A recomendação do provedor define os termos em que a comunicação das autoridades judiciárias seria feita no caso dos funcionários públicos, estando esses termos já previstos na Lei Geral do Trabalho em Funções Públicas: “Quando o agente de um crime cujo julgamento seja da competência do tribunal de júri ou do tribunal colectivo seja um trabalhador em funções públicas, a secretaria do tribunal por onde corra o processo, no prazo de 24 horas sobre o trânsito em julgado do despacho de pronúncia ou equivalente, entrega, por termo nos autos, cópia de tal despacho ao Ministério Público, a fim de que este a remeta ao órgão ou serviço em que o trabalhador desempenha funções.” O mesmo tipo de comunicação é feito “quando um trabalhador em funções públicas seja condenado pela prática de crime”.

Eficácia em dúvida

Contudo, e relativamente aos outros trabalhadores do sector privado e voluntariado, “caberá ao legislador definir qual é a entidade competente pela concretização da comunicação, entre as várias autoridades judiciárias que terão condições para o fazer”, recomenda José de Faria Costa, confiando que “os deputados da Assembleia da República saberão definir métodos de comunicação que garantam a necessária oportunidade e eficácia” da medida, em caso de esta ser acolhida.

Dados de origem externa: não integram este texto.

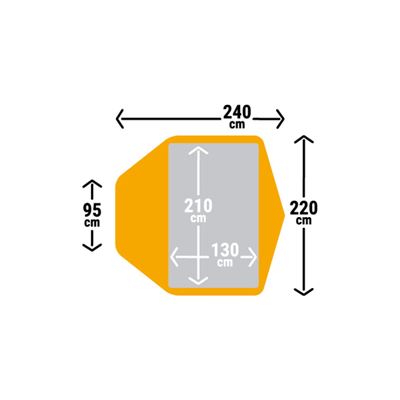 Tenda SHARK GIALLO WARMPEACE W-4535 12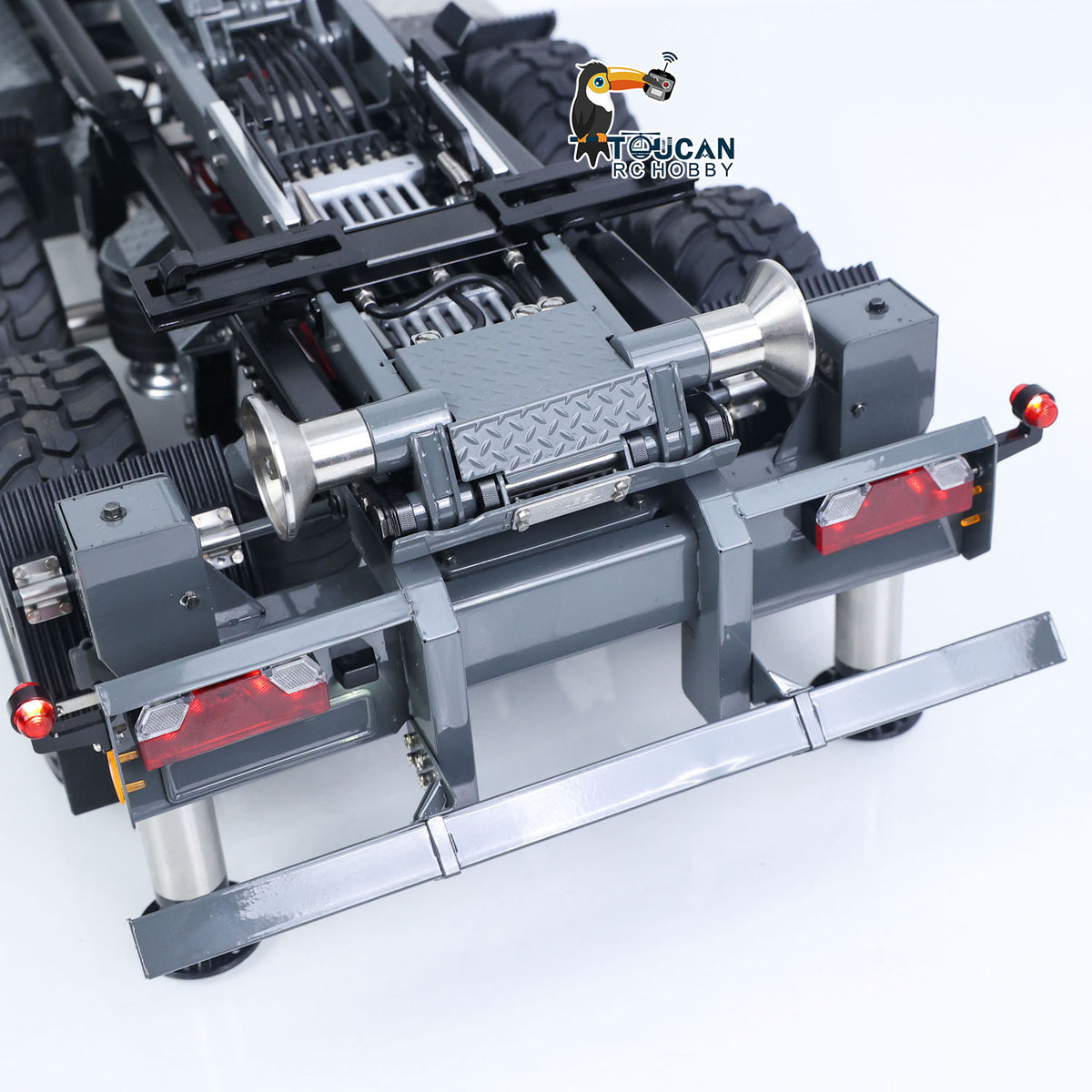TOUCAN RC HOBBY LESU A0066 1/14 Metal Hydraulic RC Roll Off Trailer Telescopic/Folding Hooklift with Support Legs 5CH Reversing Valve Lights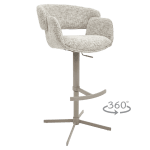 Бар стол Carmen Praide - Бял 29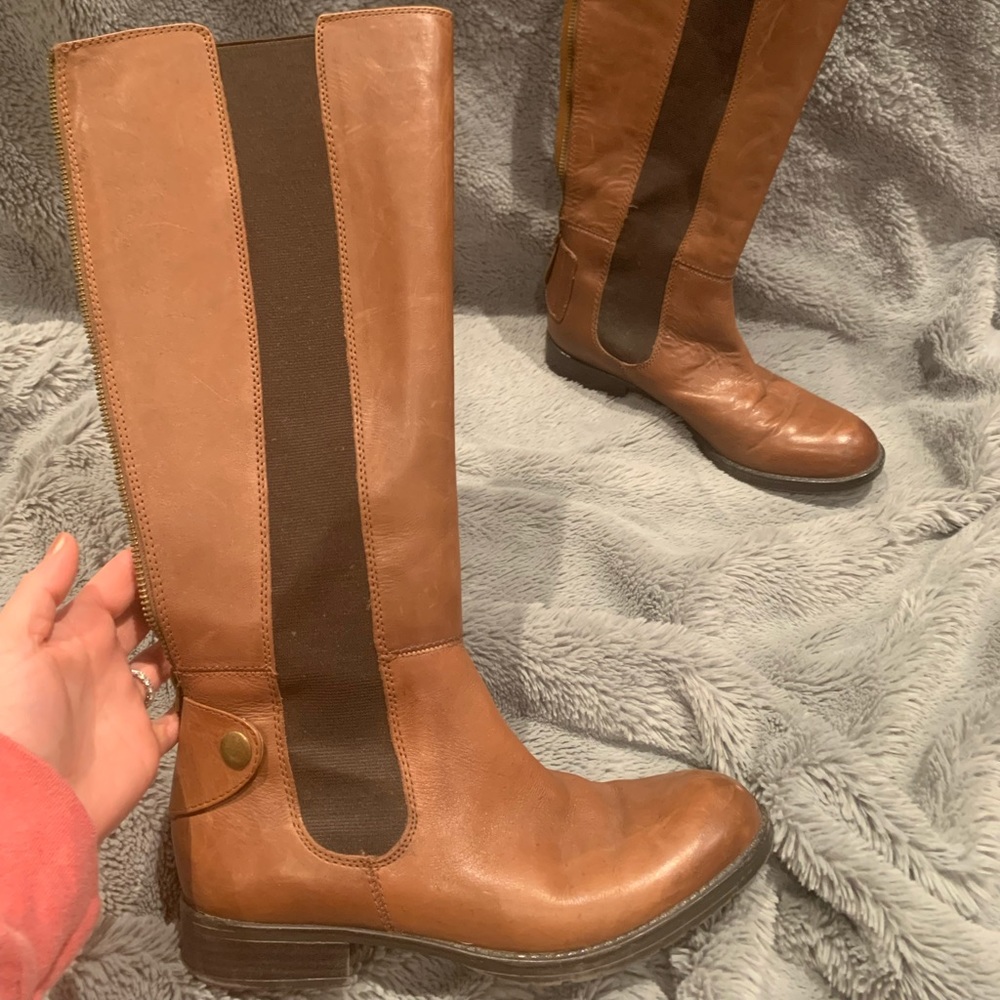 All leather Franco Sarto riding boots.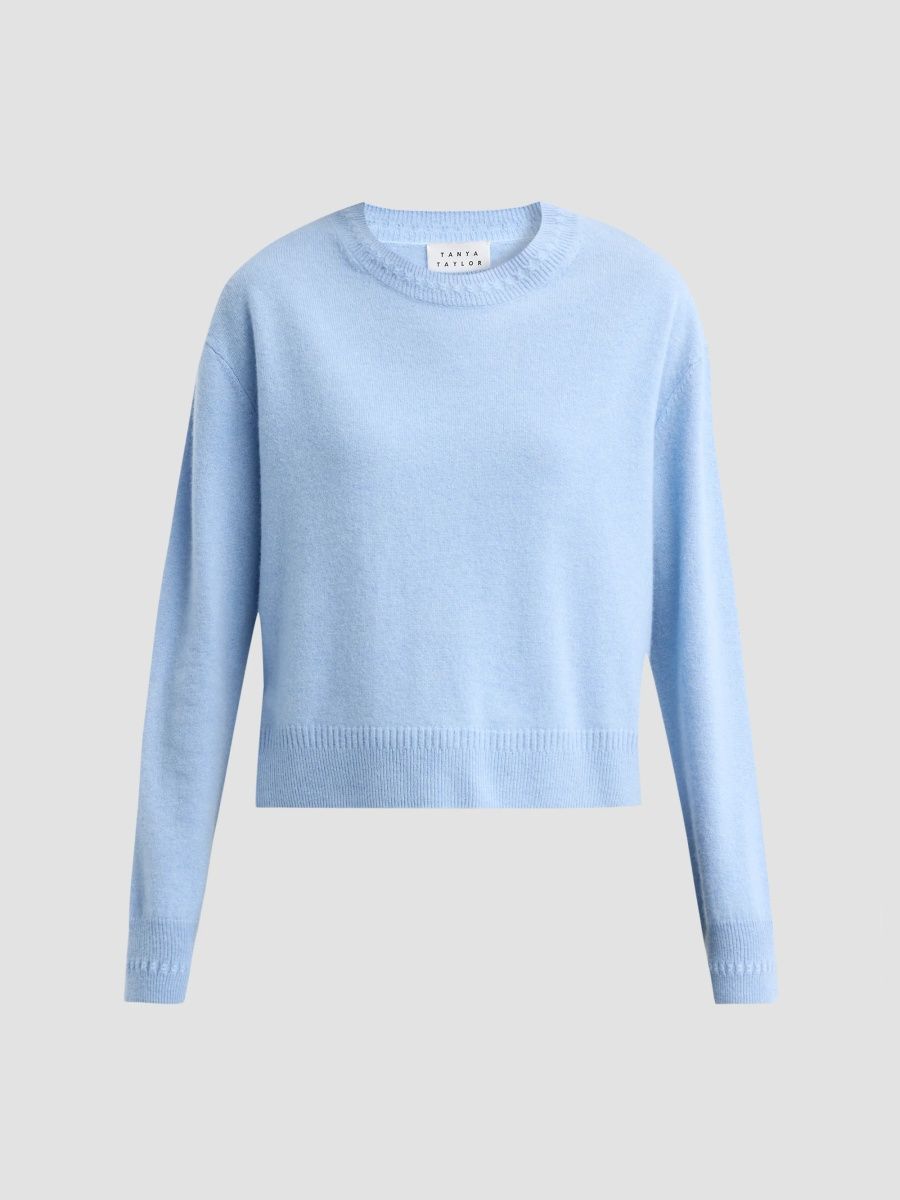 Tanya Taylor Women's Lexia Cashmere Sweater - Polar Blue - Size XL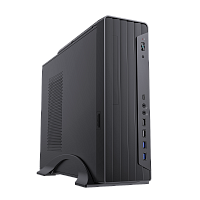 FL-418-SFX400-U32C Корпус с блоком питания 400Вт./ Case Foxline mATX Desktop 400W FL-418 mATX case, black, w/PSU SFX 400W, w/2xUSB3.0+2xUSB2.0+1xType-C (USB2.0)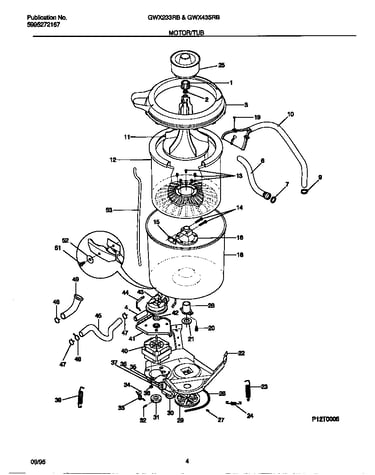Motor/tub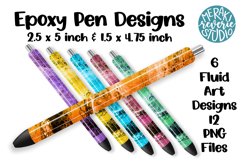 Set of brightly colored pens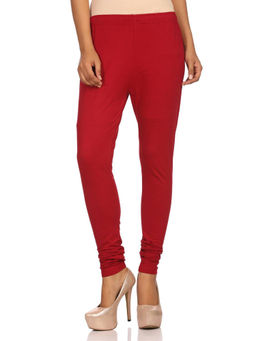 Rangriti - Women Maroon Cotton Leggings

É justamente a eficácia mencionada pelo provedor que suscita dúvidas do procurador Rui do Carmo. “Se a prática do acto da condenação não ocorrer no âmbito das actividades com crianças, pode não chegar ao conhecimento do processo”, explica.

O exemplo dado pelo provedor, no texto da recomendação, é relativo à educação e, nesses casos, há um acesso da entidade empregadora ao registo do trabalhador, o que pressupõe a sua autorização, esclarece. Nos outros casos, havendo um processo judicial, a identidade do empregador consta da informação das autoridades judiciárias, que ficariam, segundo a proposta do provedor, responsáveis por comunicar decisões judiciais relevantes como uma pronúncia ou condenação. Mas no caso dos voluntários, essa informação pode falhar porque as autoridades não têm garantidamente conhecimento de quem são as entidades para quem os voluntários fazem o seu trabalho.

Ana Perdigão, jurista no Instituto de Apoio à Criança (IAC) justifica também as suas reservas relativamente à proposta de José de Faria Costa pela frequência com que muitas actividades com menores de 18 anos são realizadas em regime de voluntariado. O voluntariado pode ser “uma via de acesso fácil às crianças, que muitas vezes estão em condições de grande vulnerabilidade familiar, social e económica”. E insiste: “Muitas vezes, o voluntariado pode funcionar como um corredor fácil de acesso às crianças sob uma veste altruísta.”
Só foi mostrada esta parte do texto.